La lógica del sanchismo es impecable: si no hay luz, al menos que no haya confusión horaria. Es como si el Titanic hubiera decidido cambiar el menú del comedor mientras se hundía. “No hay hielo en el whisky, pero tampoco en el océano, así que todo bien”, podría ser una grouchada del no menos simpático Groucho Marx.
Mientras tanto, en Orense, los vecinos se preguntan si el apagón fue una metáfora. ¿Un mensaje poético sobre la oscuridad institucional, sobre la España profunda a la que nos ha devuelto el sanchismo? ¿Una performance energética? ¿O simplemente un cable mal enchufado?
Red Eléctrica asegura que todo está bajo control.
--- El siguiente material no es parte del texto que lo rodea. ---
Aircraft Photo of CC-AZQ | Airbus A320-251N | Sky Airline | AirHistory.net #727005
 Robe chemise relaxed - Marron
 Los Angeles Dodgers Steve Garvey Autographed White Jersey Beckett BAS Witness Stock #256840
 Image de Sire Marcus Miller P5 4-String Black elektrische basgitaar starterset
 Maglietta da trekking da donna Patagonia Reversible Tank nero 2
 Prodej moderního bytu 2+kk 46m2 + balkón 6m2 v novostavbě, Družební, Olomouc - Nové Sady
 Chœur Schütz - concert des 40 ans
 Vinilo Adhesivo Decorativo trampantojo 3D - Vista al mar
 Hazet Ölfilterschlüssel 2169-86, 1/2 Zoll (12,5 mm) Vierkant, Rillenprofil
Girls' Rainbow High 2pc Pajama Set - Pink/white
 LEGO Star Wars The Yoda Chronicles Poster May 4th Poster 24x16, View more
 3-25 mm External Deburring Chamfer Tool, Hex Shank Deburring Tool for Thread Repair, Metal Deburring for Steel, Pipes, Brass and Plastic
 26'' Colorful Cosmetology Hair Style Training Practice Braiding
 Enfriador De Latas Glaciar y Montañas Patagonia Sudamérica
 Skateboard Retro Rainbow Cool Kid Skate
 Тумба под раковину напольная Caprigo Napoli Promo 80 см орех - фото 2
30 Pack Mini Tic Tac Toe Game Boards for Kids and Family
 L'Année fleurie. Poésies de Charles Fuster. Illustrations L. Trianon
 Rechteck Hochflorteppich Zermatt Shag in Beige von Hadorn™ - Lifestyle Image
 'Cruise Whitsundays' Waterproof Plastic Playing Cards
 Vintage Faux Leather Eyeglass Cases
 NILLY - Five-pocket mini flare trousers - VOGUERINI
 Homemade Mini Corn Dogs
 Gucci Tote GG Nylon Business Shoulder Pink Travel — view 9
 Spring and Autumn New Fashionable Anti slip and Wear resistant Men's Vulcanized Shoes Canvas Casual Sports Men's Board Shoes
Lo que no aclara es si ese control incluye saber por qué se fue la luz. El Gobierno, por su parte, sigue adelante con su cruzada contra el cambio de hora, como si el problema fuera que los españoles duermen mal, y no que se despiertan sin electricidad. En realidad, la propuesta de Sánchez tiene algo de zen: si no puedes cambiar la realidad, cambia el reloj. Si no puedes encender la luz, al menos que no te despierte a las seis pensando que son las siete. Si no puedes construir viviendas ni resolver los graves problemas sociales, por lo menos que no piensen en ello. Ya se sabe: ojos que no ven, corazón que no siente.
En este país, donde los conflictos reales se gestionan con la misma eficacia que un ventilador en una tormenta, Pedro Sánchez y sus miniministros quieren conseguir que la política horaria se convierta en un símbolo de resiliencia. No se trata de ahorrar energía, sino de parecer que se hace algo en unos tiempos en los que la corrupción ahoga al núcleo más próximo del presidente del gobierno. Y si ese algo no ilumina, al menos entretiene, que es de lo que se trata.
Así que celebremos: Sánchez y Albares quieren que no volvamos a cambiar la hora. Eso sí, tampoco cambiaremos la bombilla, ni el transformador, ni el modelo de gestión. Pero qué importa; qué importa que en Europa nos hayan excluido del núcleo motor de la UE. En la oscuridad, todos los relojes dan la misma hora.